# AWS Infrastructure Setup
This notebook provisions foundational AWS resources for Riley Inc. demos. The primary objective is to create an Amazon S3 bucket that will host knowledge base documents and other evaluation artifacts.

## Prerequisites
- AWS credentials configured in your environment (e.g., `~/.aws/credentials`, environment variables, or an instance role).
- IAM permissions for `s3:CreateBucket`, `s3:PutBucketVersioning`, and `s3:PutObject`.
- Python environment with `boto3` installed.

In [None]:
import boto3
from botocore.exceptions import ClientError
from pathlib import Path
import json
import time

## Configure Bucket Parameters
Set a globally unique bucket name. Including the date or a random suffix helps avoid collisions.

In [None]:
aws_region = "us-west-2"
bucket_base_name = "riley-inc-rag-knowledge-base"
timestamp_suffix = time.strftime("%Y%m%d-%H%M%S")
bucket_name = f"{bucket_base_name}-{timestamp_suffix}"
print(f"Target bucket: {bucket_name}")

## Create Knowledge Base Bucket
The cell below attempts to create the bucket. If the bucket already exists under your account, the code will skip creation.

In [None]:
s3_client = boto3.client("s3", region_name=aws_region)

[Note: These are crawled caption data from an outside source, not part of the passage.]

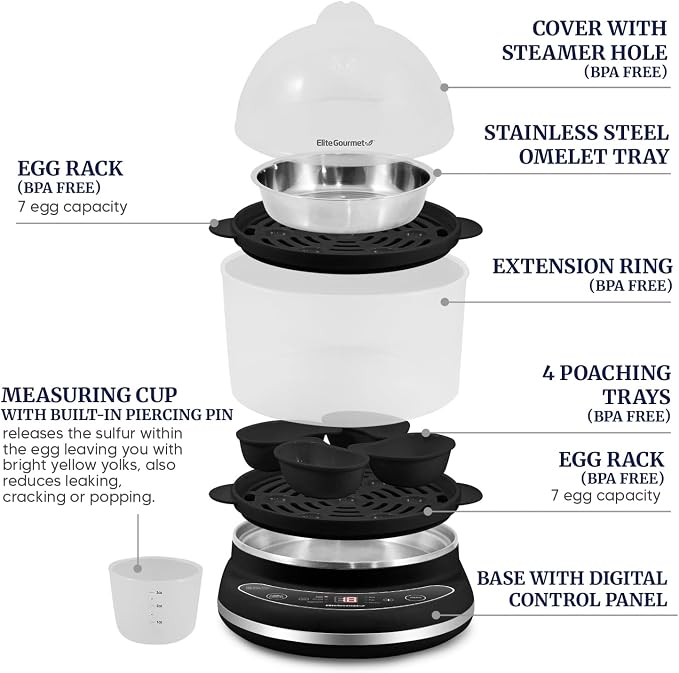 Elite Gourmet EGC314CB Digital Egg Cooker & Food Steamer, 14-Egg, Black | 6 programmed presets for poaching, omelets, and soft, medium, or hard-boiled eggs - 2-tier design with measuring cup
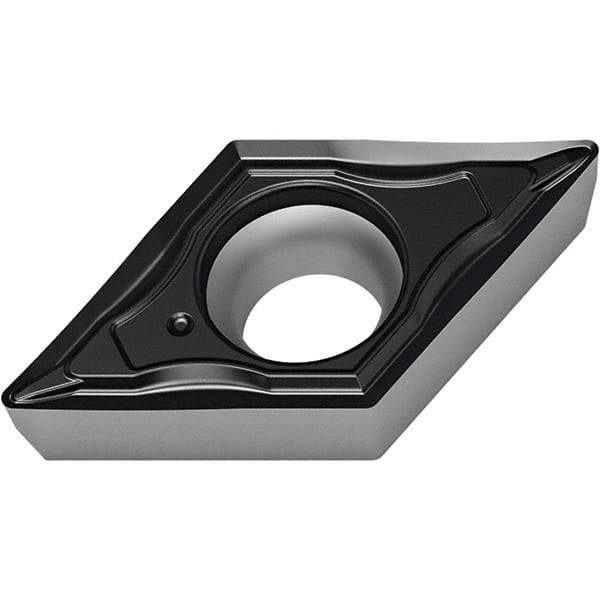 Walter - DCMT32.52 FP4 Grade WPP10S Carbide Turning Insert - TiCN/Al2O3/TiN Finish, 55° Diamond, 3/8" Inscr Circle, 5/32" Thick, 1/32" Corner Radius - All Tool & Supply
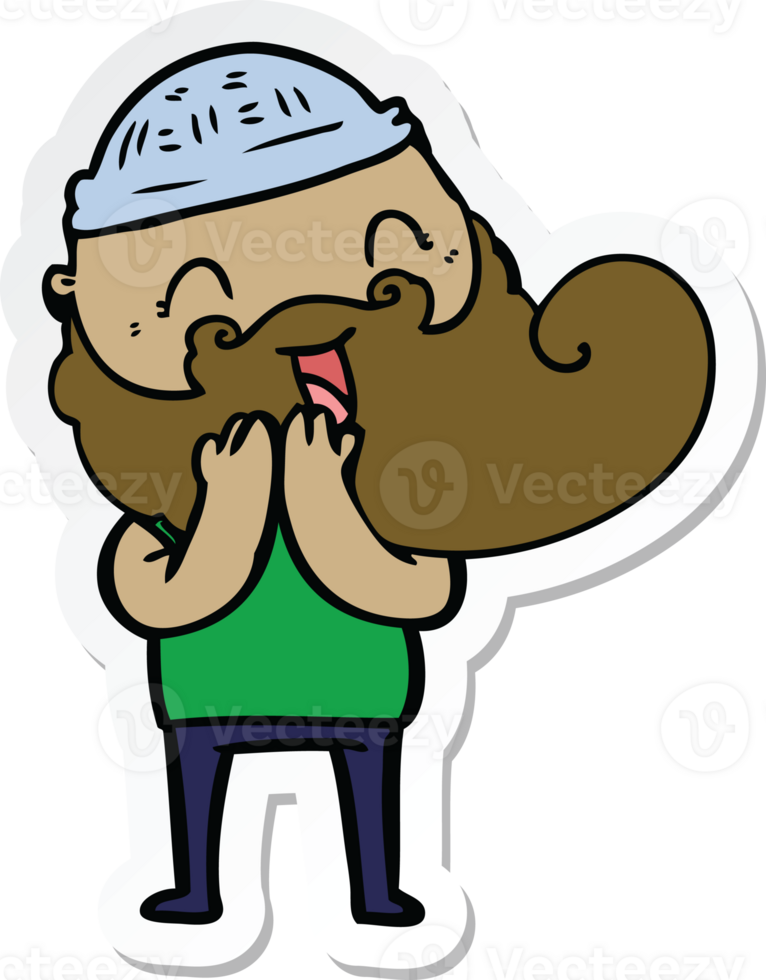 sticker of a happy bearded man laughing png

def ensure_bucket(client, name, region):
    try:
        client.head_bucket(Bucket=name)
        print(f"Bucket '{name}' already exists and is accessible.")
    except ClientError as err:
        error_code = int(err.response['Error']['Code'])
        if error_code == 404:
            create_args = {
                'Bucket': name
            }
            if region != 'us-east-1':
                create_args['CreateBucketConfiguration'] = {'LocationConstraint': region}
            client.create_bucket(**create_args)
            print(f"Bucket '{name}' created in {region}.")
        else:
            raise

ensure_bucket(s3_client, bucket_name, aws_region)

## Enable Versioning (Optional but Recommended)

In [None]:
versioning = boto3.resource("s3", region_name=aws_region).BucketVersioning(bucket_name)
versioning.enable()
print(f"Knowledge base bucket versioning status: {versioning.status}")

## Create Evaluation Results Bucket
Provision a separate bucket to capture evaluation outputs and artifacts.

In [None]:
eval_bucket_base_name = "riley-inc-rag-eval-results"
eval_bucket_name = f"{eval_bucket_base_name}-{timestamp_suffix}"
ensure_bucket(s3_client, eval_bucket_name, aws_region)
eval_versioning = boto3.resource("s3", region_name=aws_region).BucketVersioning(eval_bucket_name)
eval_versioning.enable()
print(f"Evaluation results bucket ready: s3://{eval_bucket_name} (versioning={eval_versioning.status})")

## Upload Knowledge Base Documents
This helper uploads all markdown files from `knowledge_base_docs` into the knowledge base bucket under the `knowledge-base/` prefix.

In [None]:
knowledge_base_dir = Path('../knowledge_base_docs')
prefix = 'knowledge-base/'
upload_manifest = []

for path in knowledge_base_dir.glob('*.md'):
    key = prefix + path.name
    s3_client.upload_file(str(path), bucket_name, key)
    upload_manifest.append({'file': path.name, 's3_key': key})
    print(f"Uploaded {path.name} -> s3://{bucket_name}/{key}")

print(json.dumps(upload_manifest, indent=2))

## Cleanup (Optional)
Use this cell to remove all objects and delete the buckets when you no longer need them.

In [None]:
perform_cleanup = False  # Set to True to run cleanup

if perform_cleanup:
    s3_resource = boto3.resource("s3", region_name=aws_region)

    def empty_and_delete(bucket_name_to_remove):
        bucket = s3_resource.Bucket(bucket_name_to_remove)
        print(f"Clearing bucket: {bucket_name_to_remove}")
        bucket.object_versions.delete()
        bucket.objects.delete()
        bucket.delete()
        print(f"Bucket {bucket_name_to_remove} deleted.")

    for target in (bucket_name, eval_bucket_name):
        try:
            empty_and_delete(target)
        except ClientError as err:
            print(f"Failed to delete {target}: {err}")
else:
    print("Cleanup skipped. Set perform_cleanup=True to remove buckets.")

## Next Steps
- Store evaluation datasets and prompt libraries in the same bucket.
- Grant access to downstream AWS services (e.g., Bedrock, SageMaker) via bucket policies.
- Enable server-side encryption and lifecycle rules if required by compliance policies.